Serialowi zdecydowanie brakuje ciekawych postaci na drugim planie. Dostaliśmy bandę kompletnie nienaturalnych dziwaków, którzy nie są ani interesujący, ani sympatyczni, ani w ogóle żadni. Jedyną osobą, na którą zwróciłam uwagę, jest Doug, lekarz grany przez Tylera Labine'a. Bo to zwyczajny facet, normalny, nieprzegięty, taki do polubienia. Po planie pałęta się też mnóstwo zwierząt, wśród których prym wiedzie dr Rizzo (małpa Crystal). Wymuszone sceny, w których całe to zoo występuje, nie poprawiają sytuacji.

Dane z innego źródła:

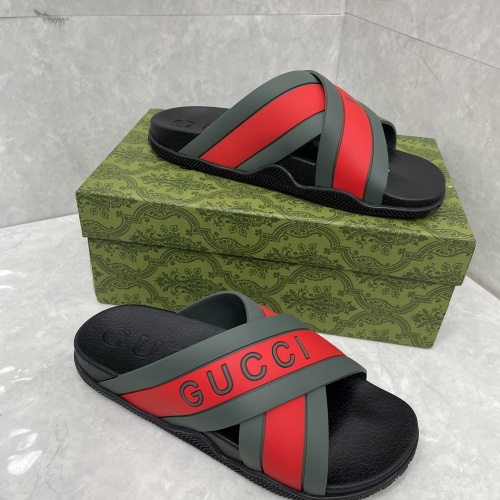 Replica Gucci Slippers For Men #1180453 $56.00 USD for Wholesale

Największym problemem "Animal Practice" jest jednak brak śmiesznych tekstów i scen. Justin Kirk mógłby być "zwierzęcym House'em", ale ktoś musiałby mu napisać dobre teksty. Niestety, na scenarzystów wyraźnie zabrakło, więc serial równie dobrze można oglądać bez dźwięku. W końcu i tak chodzi tylko o tę słodką małpkę i o świnki morskie na żółwikach, i koteczki, i pieseczki… To takie śliczne i urocze, że po prostu nie można tego nie oglądać! A jednak można
Fatalne wyniki oglądalności 2. odcinka pokazują, że małpa nie wystarczy, by udźwignąć serial. Żegnam się więc bez żalu z "Animal Practice" – i stacji NBC radzę to samo, bo szkoda miejsca w ramówce.